Today, Thursday, a good friend of Marg's from high school is coming for a visit. I think she's coming this morning, then this afternoon the Hospice Chaplin is coming by for a visit. 8/12/14 Some visits from other friends lately. Last Tuesday evening Jennifer, and 3 of her children stopped in for a visit and she stopped Zaxby's and picked up some chicken for our supper. She was on her way from her home in Leesburg, VA to Louisiana. Chattanooga just happens to be halfway,. so she stops here and spends the night.
Here is a picture of Jennifer and me.
Then on Saturday, Kenda stopped in for a visit on her way back home to Ohio. She stayed a while, then came back on Sunday for another visit before leaving on the way home.
Here is a picture of Kenda and me. I look pretty rough laying in the bed. : (
Then on Sunday my sister and her husband came over and spent the night. They left Monday morning heading back home. They brought us a bunch of pictures he had made of our flower gardens and some of all of us.It is really a pleasure to me for friends to drop in for a visit. Earlier in the year, Marguerite and her daughter, Heather came and spend several days here in Chattanooga. In talking to Hank the other day, he and his wife Mary are planning on dropping in about the middle of September for a visit. I've met Hank, but I haven't met his wife Mary. As far as I know, this is all of the visitors we are planning on having in the next few months. I'm sure my sister will be back over at some near time.

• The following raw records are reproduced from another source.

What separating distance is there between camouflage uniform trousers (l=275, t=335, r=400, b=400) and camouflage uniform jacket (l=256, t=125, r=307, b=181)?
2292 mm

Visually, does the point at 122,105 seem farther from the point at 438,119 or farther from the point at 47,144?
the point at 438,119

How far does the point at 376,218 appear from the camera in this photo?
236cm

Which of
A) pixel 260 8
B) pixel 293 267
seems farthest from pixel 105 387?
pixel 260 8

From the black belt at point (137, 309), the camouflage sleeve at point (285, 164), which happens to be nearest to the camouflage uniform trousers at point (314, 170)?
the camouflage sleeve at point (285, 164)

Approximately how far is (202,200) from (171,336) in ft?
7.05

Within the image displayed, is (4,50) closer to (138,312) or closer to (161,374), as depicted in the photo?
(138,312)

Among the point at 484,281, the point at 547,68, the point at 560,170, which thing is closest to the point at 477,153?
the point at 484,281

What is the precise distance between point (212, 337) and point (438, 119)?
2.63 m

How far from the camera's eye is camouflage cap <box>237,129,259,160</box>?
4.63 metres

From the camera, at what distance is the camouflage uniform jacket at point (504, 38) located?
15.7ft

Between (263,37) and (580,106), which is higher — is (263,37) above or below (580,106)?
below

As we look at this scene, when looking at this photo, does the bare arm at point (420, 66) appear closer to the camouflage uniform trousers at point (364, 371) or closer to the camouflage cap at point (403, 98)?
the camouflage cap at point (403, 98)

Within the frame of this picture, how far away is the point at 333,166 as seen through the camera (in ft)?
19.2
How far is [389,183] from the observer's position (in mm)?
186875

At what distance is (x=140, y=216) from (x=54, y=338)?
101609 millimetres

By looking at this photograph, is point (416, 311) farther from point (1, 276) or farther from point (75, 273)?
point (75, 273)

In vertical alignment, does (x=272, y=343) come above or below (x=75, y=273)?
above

I have gotten to the point where I can't go anywhere. I am too week to gt in the car to travel, and don't have the oxygen to do it with either. I am using my Bi-Pap mask most of the time now. I can get a lot more forecable air down my bronchial tubes. I don't have any way to use it riding in the car.
8/2/14
The
first house we lived in that I can remember was on Rockwood Ave. in
Rockwood, TN. It was a two story clap board apartment house. I was
about 4 years old. I just barely remember living there. I think our
next residence was in Delray Beach, FL. We lived there for a few
years. I know I went to the first grade there. This is the place
where my sister and I would sneak out of the house at night and go
play on the local high school football field. We did that for many
nights. One night,my sister fell under the bleachers and cut her
knee. We had to go home and wake up mom and dad. This brought an
end to our nightly escapades on the football field. We left Florida
after my 1st grade and moved back to Rockwood, TN.
I
think we moved to a row house. These were built for men who were
working at Oak Ridge, TN. We lived in several houses in Rockwood for
the next 10-12 years. From the row house, we moved to an apartment
house on Kingston Ave. From this house we moved to N. Chamberlain
Ave to a rental house. From there we moved to a house that we
bought. We lived there until I gratuated from Rockwood High School.
I
don't know why we lived in so many houses in one town. My dad was an
electrician. He worked for TVA. He worked at steam plants in
different aread of the country. My mom was a school teacher.
7/26/14
Just
a little information about my recent health problems. I am doing
some better right now. I am able to get out of bed and go to the
dinning room to have my meals. Sometimes I'll sit on the side of the
bed and eat, depending on how I'm feeling. I try to get up a few
times a day, to eat or go to the living room and work on the computer
some. I am trying to keep up with the Coffee Shop Gossip Forum. It
sure don't take long for a lot of posts to add up tho. That is good,
it means that a lot of people are posting.
Right
now, I can't walk by myself. I have to hold to Margaret or Jennifer
or Tony to get to and from the bed to the Jazzy, or from a chair to
and from the Jazzy. The Jazzy is the only means of getting around in
the house. I have no way of going out in the car to go someplace. I
just don't think I have the energy to get in or out of the car at
this time.
I
sure hope I can approve in the coming weeks. I would love to get
back to going in the car to dialysis and not using the ambulance. I
really get tired of riding in that thing. I'll
have to get better with my breathing first tho.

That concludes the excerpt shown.